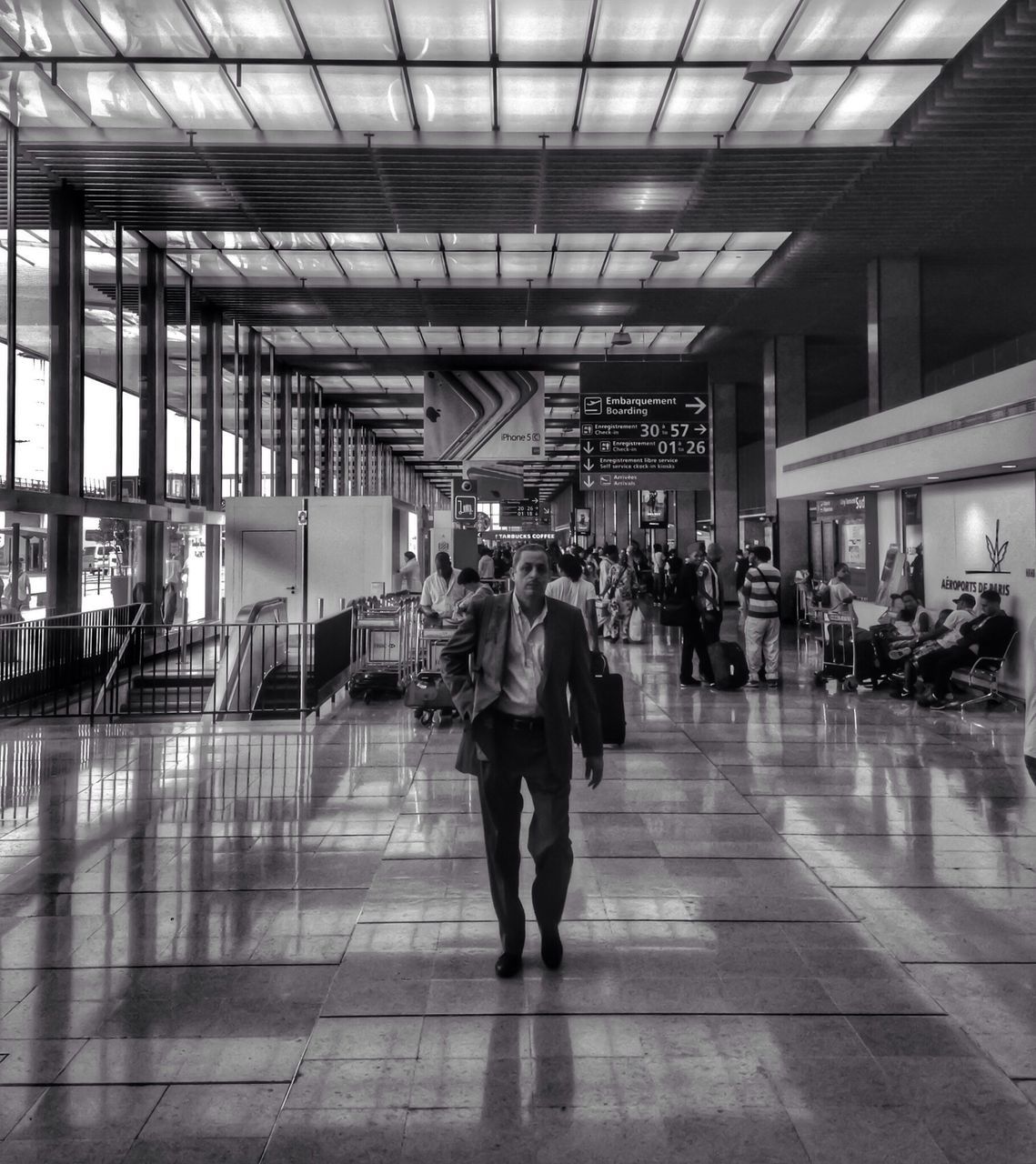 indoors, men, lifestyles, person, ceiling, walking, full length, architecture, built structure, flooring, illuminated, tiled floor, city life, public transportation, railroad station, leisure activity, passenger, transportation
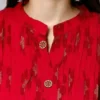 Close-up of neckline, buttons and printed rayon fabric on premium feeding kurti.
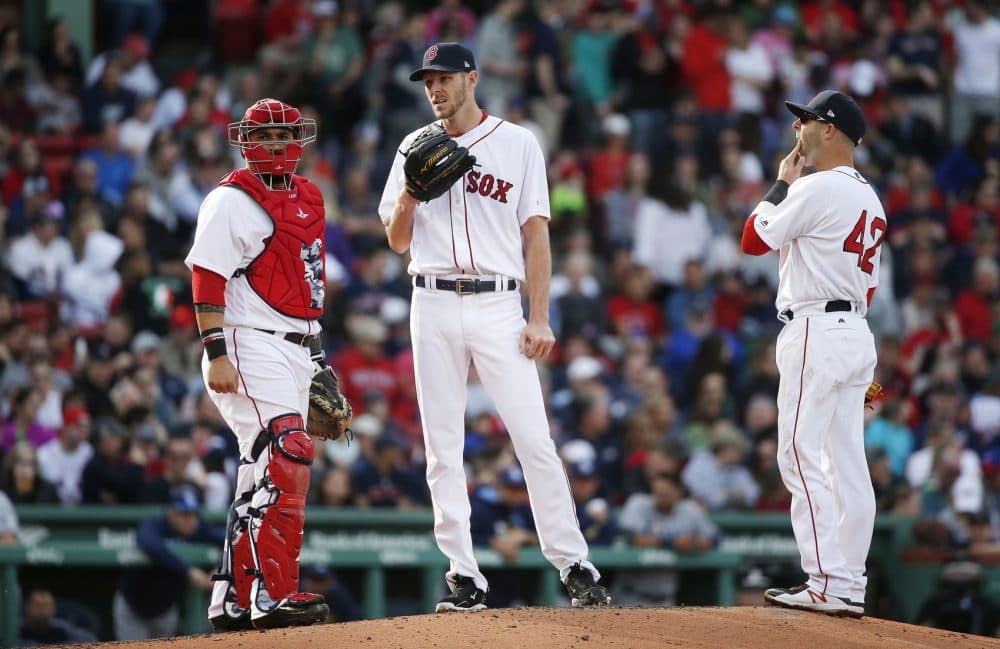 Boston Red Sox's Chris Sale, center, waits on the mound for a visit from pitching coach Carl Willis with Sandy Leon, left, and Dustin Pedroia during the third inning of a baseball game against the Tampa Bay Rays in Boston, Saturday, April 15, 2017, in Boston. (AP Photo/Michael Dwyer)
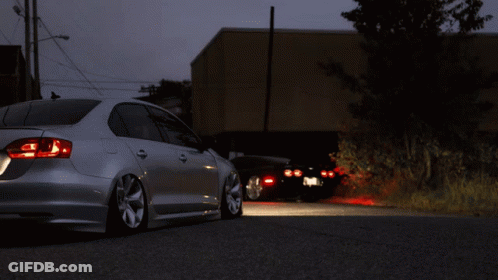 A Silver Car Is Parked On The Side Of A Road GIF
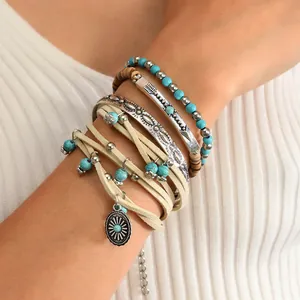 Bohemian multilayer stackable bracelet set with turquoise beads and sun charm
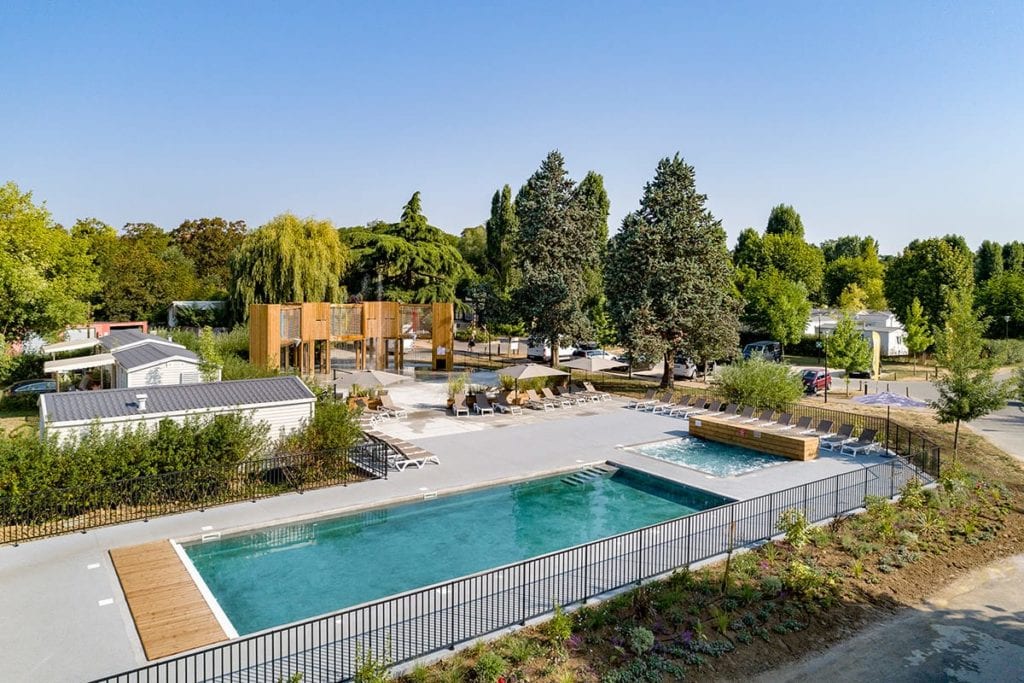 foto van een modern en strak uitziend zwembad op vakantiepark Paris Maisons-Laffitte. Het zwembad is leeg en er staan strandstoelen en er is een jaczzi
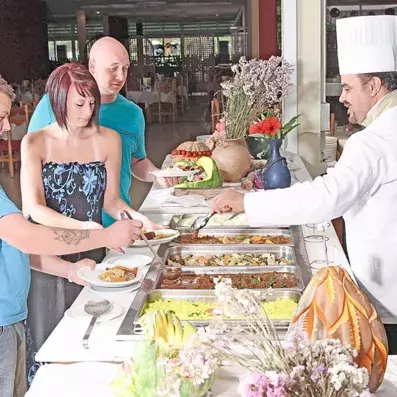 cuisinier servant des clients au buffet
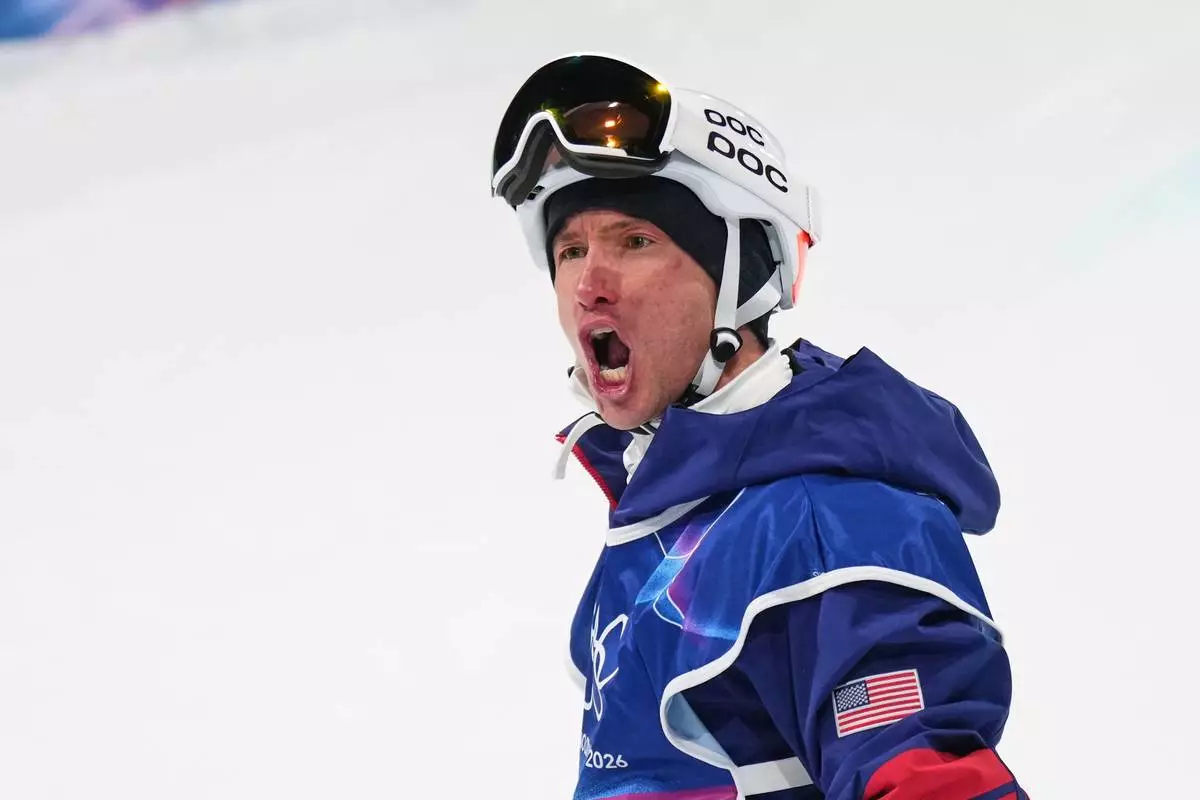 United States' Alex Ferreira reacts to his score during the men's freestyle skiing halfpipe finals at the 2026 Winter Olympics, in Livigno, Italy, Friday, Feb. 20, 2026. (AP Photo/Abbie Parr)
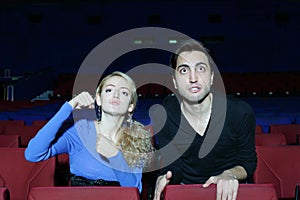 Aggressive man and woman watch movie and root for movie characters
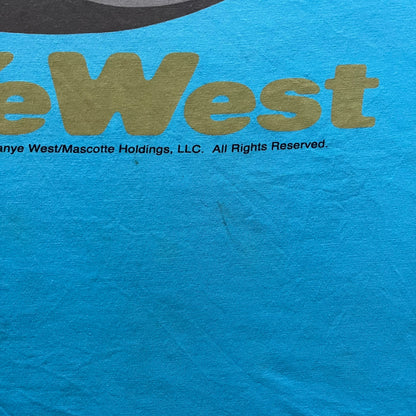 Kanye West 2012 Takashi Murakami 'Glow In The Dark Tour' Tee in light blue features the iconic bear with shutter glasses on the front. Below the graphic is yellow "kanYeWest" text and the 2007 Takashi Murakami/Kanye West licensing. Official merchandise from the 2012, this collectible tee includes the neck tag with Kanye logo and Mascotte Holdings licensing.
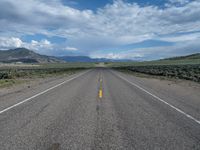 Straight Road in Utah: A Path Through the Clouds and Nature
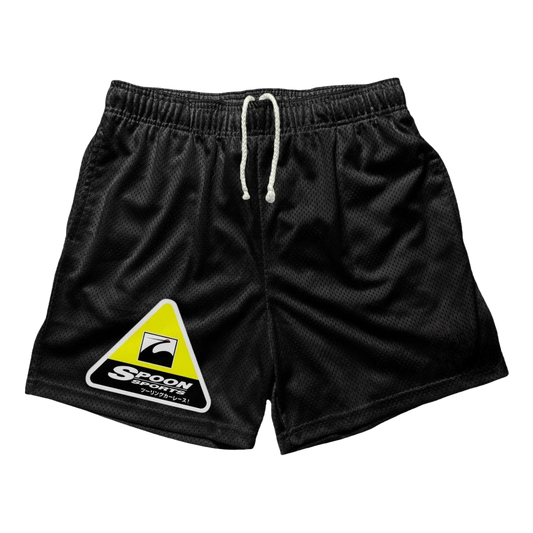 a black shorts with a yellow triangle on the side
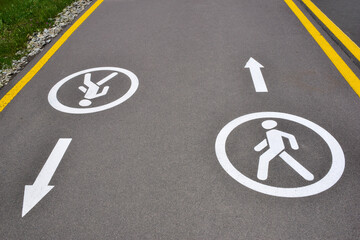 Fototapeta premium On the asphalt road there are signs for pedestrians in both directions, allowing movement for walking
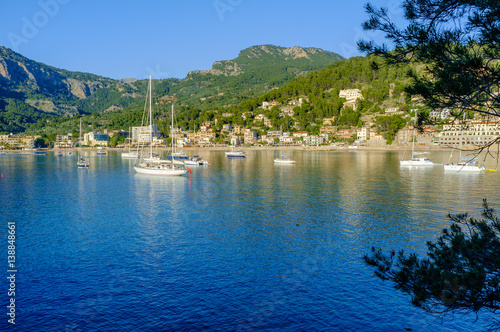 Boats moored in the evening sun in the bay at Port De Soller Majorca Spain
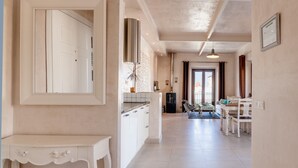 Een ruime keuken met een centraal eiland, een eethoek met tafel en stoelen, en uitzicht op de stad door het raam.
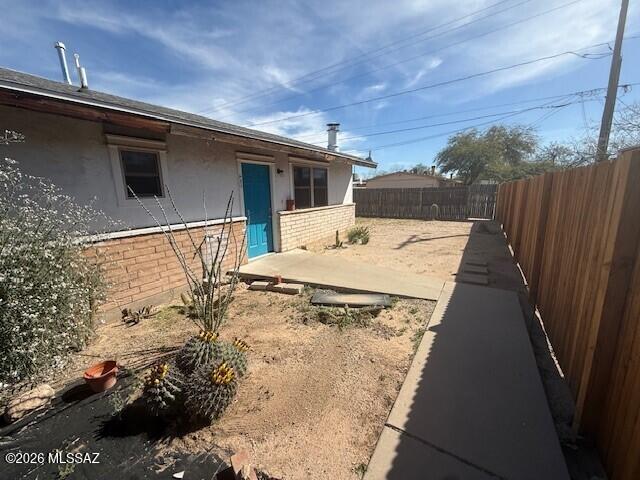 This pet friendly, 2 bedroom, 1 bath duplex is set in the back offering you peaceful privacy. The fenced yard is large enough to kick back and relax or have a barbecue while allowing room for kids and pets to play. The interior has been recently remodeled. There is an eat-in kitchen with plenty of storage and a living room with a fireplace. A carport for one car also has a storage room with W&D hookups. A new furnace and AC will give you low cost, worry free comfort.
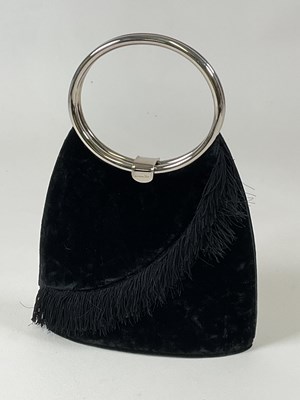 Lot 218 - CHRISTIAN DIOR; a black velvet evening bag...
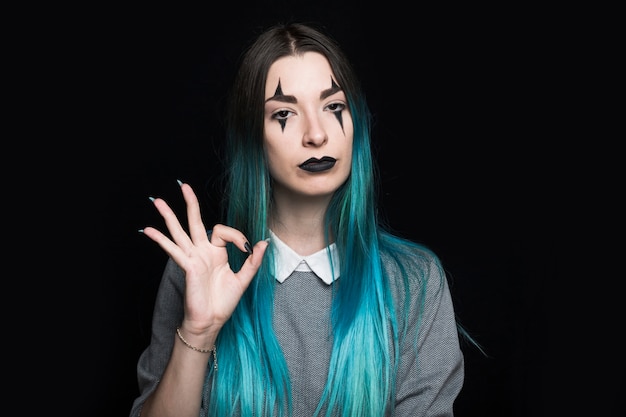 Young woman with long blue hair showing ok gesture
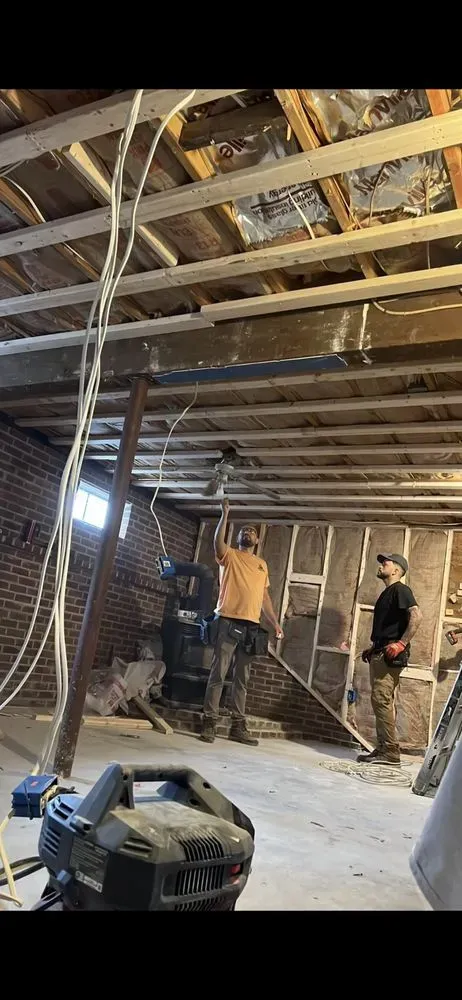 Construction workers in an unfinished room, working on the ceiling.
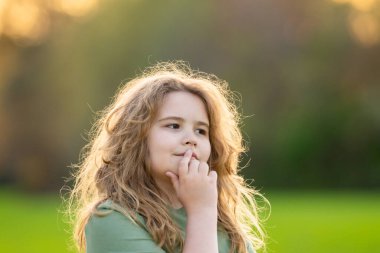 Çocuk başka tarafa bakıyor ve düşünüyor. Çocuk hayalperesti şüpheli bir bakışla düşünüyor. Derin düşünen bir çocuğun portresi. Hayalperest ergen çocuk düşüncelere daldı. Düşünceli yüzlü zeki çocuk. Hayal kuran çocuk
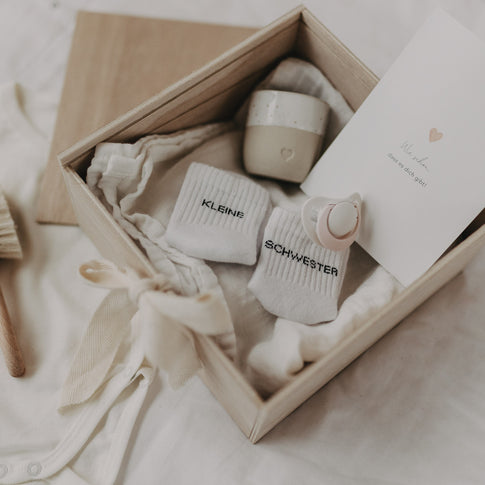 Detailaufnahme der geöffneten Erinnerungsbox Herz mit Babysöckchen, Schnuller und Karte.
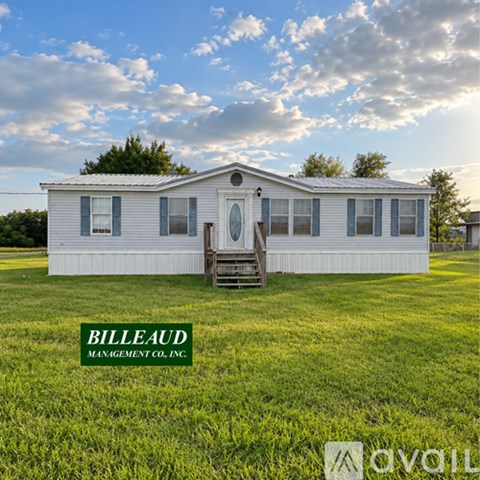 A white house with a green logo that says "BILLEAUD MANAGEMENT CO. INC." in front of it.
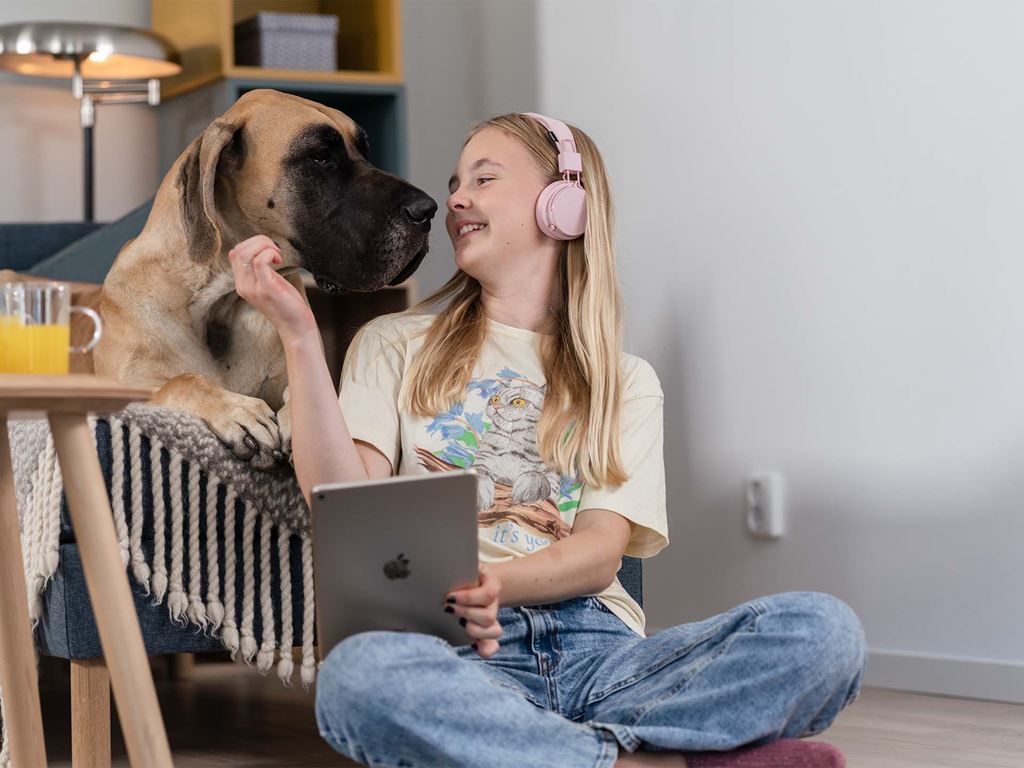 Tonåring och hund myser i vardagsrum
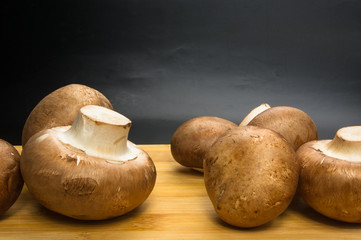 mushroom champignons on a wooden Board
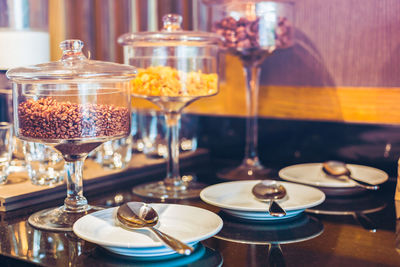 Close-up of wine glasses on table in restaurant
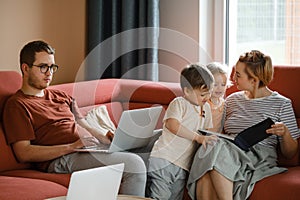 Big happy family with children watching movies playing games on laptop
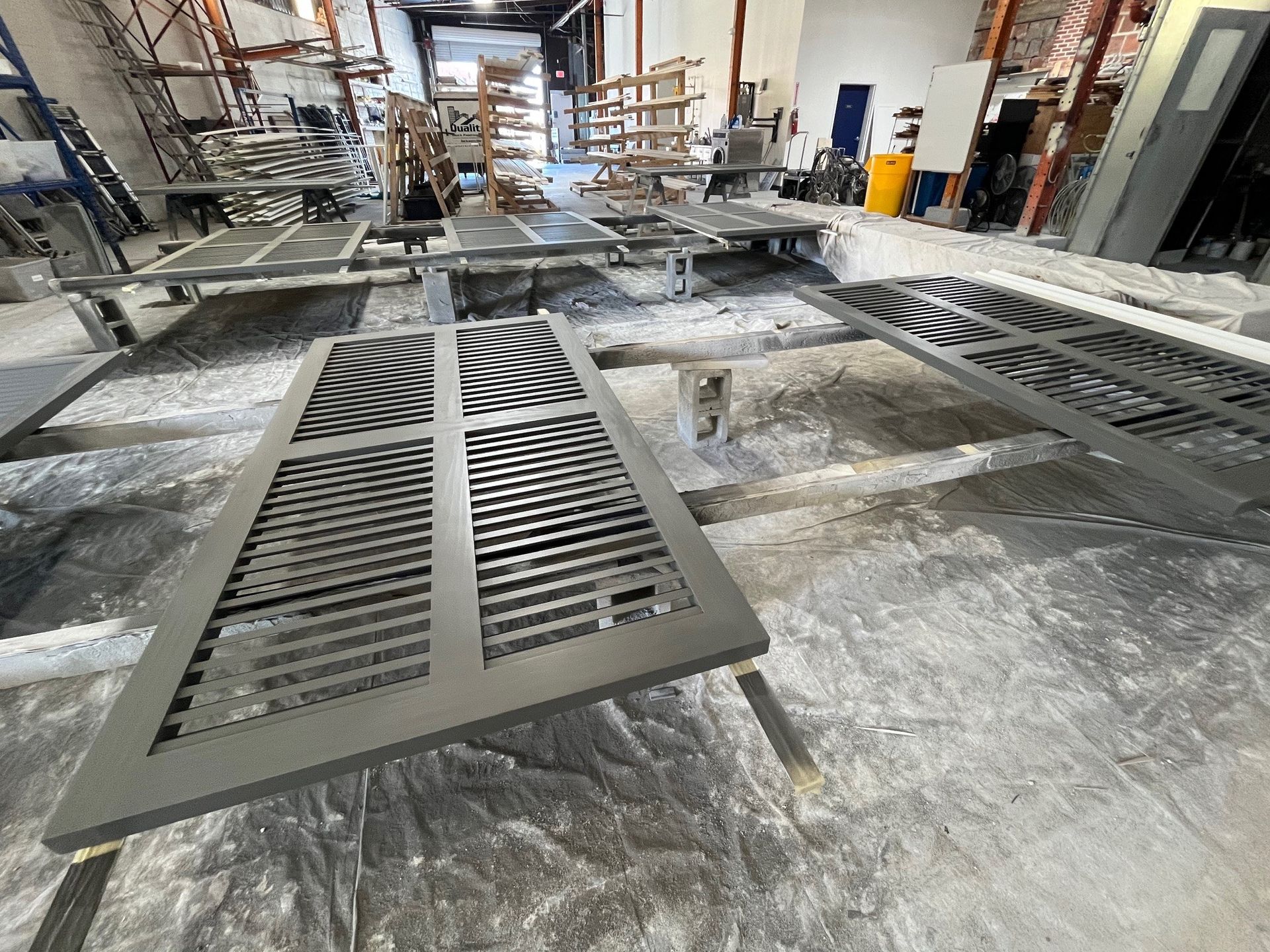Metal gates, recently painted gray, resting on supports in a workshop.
+ + + + +
Task requirements: The expected output is exactly the lines from the one containing "Big happy family" through the last line of the listing, both included, with every picture left out.

Task answer:
 Big happy family with children watching movies playing games on laptop
Metal gates, recently painted gray, resting on supports in a workshop.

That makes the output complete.